As supporters of Extinction Rebellion, who are demanding stronger government action against global warming, blocked five London bridges, the French also blockaded roads. Their more dramatic and widespread protests, which led to one death, were against fuel tax increases designed to curb carbon emissions. Polls suggest 70 per cent of the population support the protests.
You could not have a better illustration of the scale of the task facing those who hope to prevent catastrophic climate change. France has a relatively good record on green issues. Its controls on vehicle pollution in big cities are far stricter than Britain’s.
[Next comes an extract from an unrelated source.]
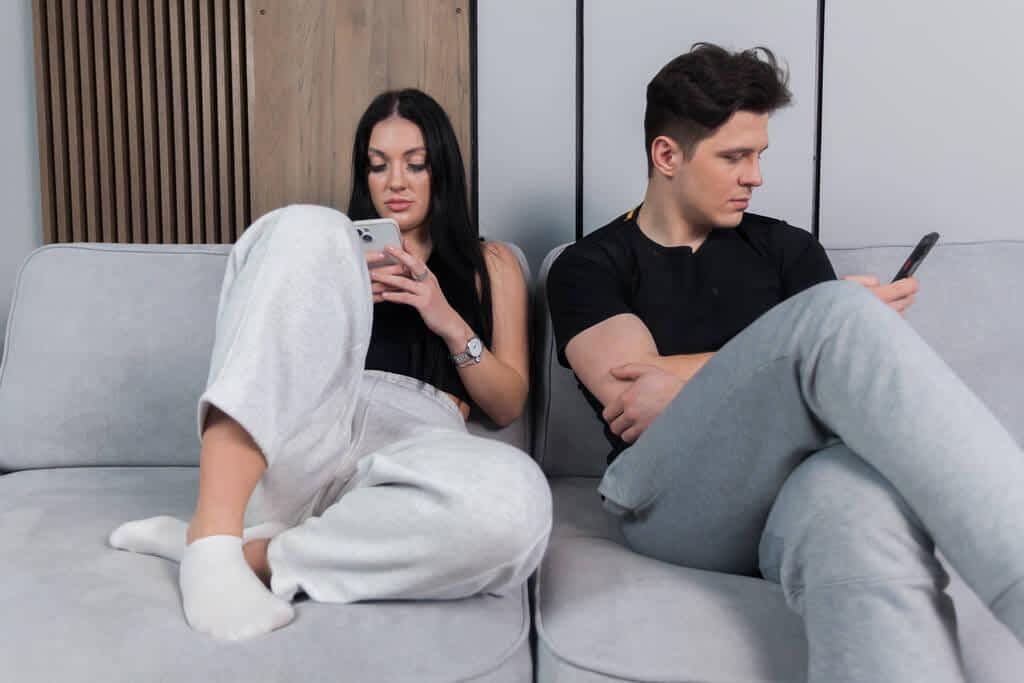 Unhappy couple ignoring each other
According to a new study reported by the journal Nature Communications, its policies, if adopted globally, would lead to warming of 2.6°C which, though well above the 1.5°C that scientists say is reasonably safe, is below every other European country except Norway and Iceland. (British policies would lead to warming of 2.9°C.)
In every country, public commitment to keeping the climate stable is skin-deep. British drivers also blocked roads in 2000 when their government was committed to increasing fuel prices annually above inflation. No chancellor has since dared to revive the fuel price escalator. The British can now indulge in a little tut-tutting at the characteristically anarchic behaviour of the French while expressing mild support for Extinction Rebellion – just so long as their own journeys aren’t delayed.
Hail, Chief Monbiot
A popular riposte to calls for action on climate change is that, if we curb emissions, the Chinese – whose policies would warm the planet by more than 5°C – will carry on, so why bother? As the British Museum is asked to return to Easter Island a statue we nicked in the 1860s, we should ponder the fate of the thriving Polynesian community that once lived there. As every schoolchild knows, the densely forested island became denuded of trees. I sometimes try to imagine exchanges between the inhabitants when there were just a few trees left. A Polynesian George Monbiot would have implored his neighbours to refrain from chopping down more. And one of them would have replied: “Look, mate, that lot on the other side of the island are still hacking away like mad.”
A good book
“It is, perhaps, the end of the beginning,” said Churchill after victory in North Africa in November 1942. Alas, Brexit hasn’t reached that stage. All those issues you don’t understand and would rather not attempt to understand – fishing rights, customs arrangements, Gibraltar, the Irish border, passporting rights, the role of the European Court of Justice – will be the subject of at least three more years of wrangling. Politicians will love every second of it. The most obscure MPs, ministers and parliamentary aides will get their 15 minutes of self-importance as they ponder resignation or votes of no-confidence. The most insignificant regional assembly in an EU country you’d struggle to find on a map can plunge a spanner into the works. My advice is to switch off and read a novel, preferably not one about the state of the nation.
Two plus two
Meanwhile, the Daily Mail, as always, denounces plotters, traitors and saboteurs. But the names have changed. Not long ago, they were Anna Soubry, Dominic Grieve, Nicky Morgan and other Remainers. Now they are Jacob Rees-Mogg, Boris Johnson, Dominic Raab (now an “arch-plotter” forsooth) and other hard-line Brexiteers. For Mail readers, it must be like living in Orwell’s Nineteen Eighty-Four, where citizens were instructed to hate Eurasia one month and Eastasia the next.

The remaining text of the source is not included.